Boneh and Shoup use their system parameterization concept to define collision resistance for keyless hash functions.

### Mapping Boneh and Shoup’s Definition to Existing Implementations

In Section 8.1.1 of
their online
textbook, Boneh and Shoup define a hash function (Definition 8.1)
as an efficient deterministic algorithm that takes as inputs the
security parameter λ, the system parameter Λ and the
message *m* to be hashed, and satisfies conditions that involve
two “families of spaces” **M**
and **T**; I will come back to these families of spaces
in a moment. Then they define the collision resistance of such a hash
function using Attack Game 8.1 as modified in Figure 8.3, where the
challenger generates Λ from λ and gives Λ to the
adversary.

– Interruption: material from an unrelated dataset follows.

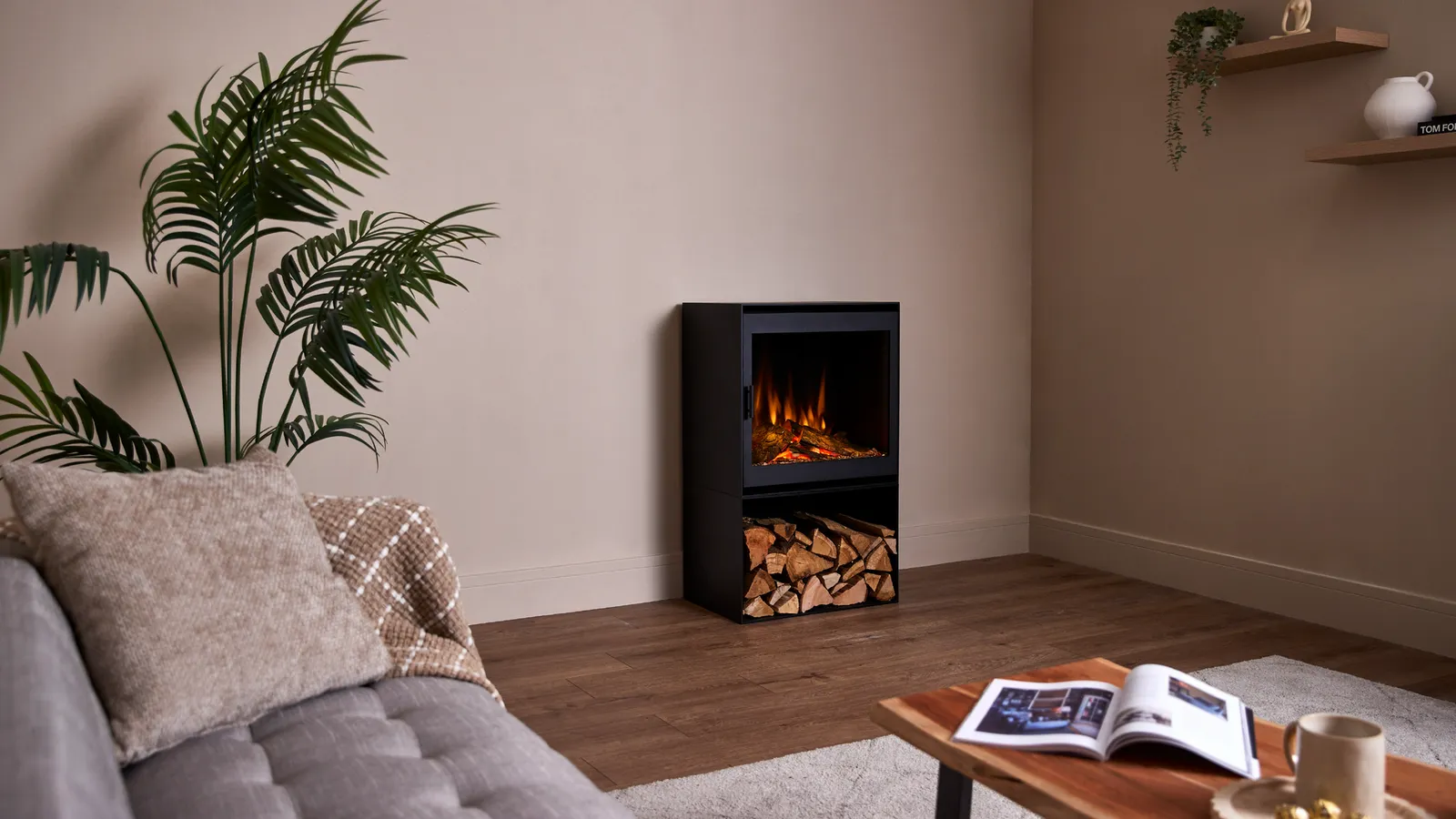 British Fires Cube Electric Stove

The hash function is collision resistant if the
probability that the adversary has of winning the game by outputting a
collision is a negligible function of λ.

At first glance this is not an improvement over the definition of Katz
and Lindell. In footnote 1 of page 286 Boneh and Shoup say themselves
that their approach is “really the same” as the approach
where a hash function takes as input a random key *k*,
as *k* may be viewed as a system parameter. At the end of
Section 8.1 they also say that the security and system parameters are
“artifacts of the formal framework that are needed to make sense
of Definition 8.1”.

But a mere change of terminology makes the use of system
parameterization to define collision resistance intuitive and close to
actual practice. In our technical
report, instead of referring to an algorithm that takes as inputs
λ, Λ and a bit string to be hashed as a “hash
function”, we refer to it as a “hashing scheme with system
parameterization” (Definition 16); then we use such a hashing
scheme to define a family of hash functions indexed by λ and
Λ (Definition 17). A hash function is then an ordinary
mathematical function that takes the bit string to be hashed as its
only argument. This is very close to actual practice, since SHA-2 is
a family of hash functions having different *security strengths*,
which can be viewed as different values of a security parameter.
There is only one function for each security strength, but that
function is defined using constants, such as those specified in
Sections 4.2.2 and 4.2.3 of the
Secure
Hash Standard, that are arbitrary and could very well have been
been defined at random by some trusted process playing the role of a
system parameterization algorithm.

Although Boneh and Shoup do not define a family of ordinary hash
functions indexed by λ and Λ, their definition of a hash
function as an algorithm that takes λ and Λ as inputs
involves families of sets **M** and **T**
indexed by λ and Λ that would be the domains and
codomains of such ordinary hash functions. The definition specifies
that **M** and **T** must be “families
of spaces with system parameterization *P*” that are
“efficiently recognizable”. These concepts are explained
in their Definition 2.9 of Section 2.4. In our Definition 17, the
domain and codomain of each element of the family of hash functions
are defined more simply in terms of bit lengths, the domain being a
set of bit strings of length less than an integer
*a*, and the codomain a set of bit strings of length equal to an
integer *b*. This agrees with actual practice: the domain of
SHA256, for example, is the set of bit strings of length less than
2^{64}, since 64 bits are used to specify the length of the
input in the padding; and the codomain is the set of 256-bit strings.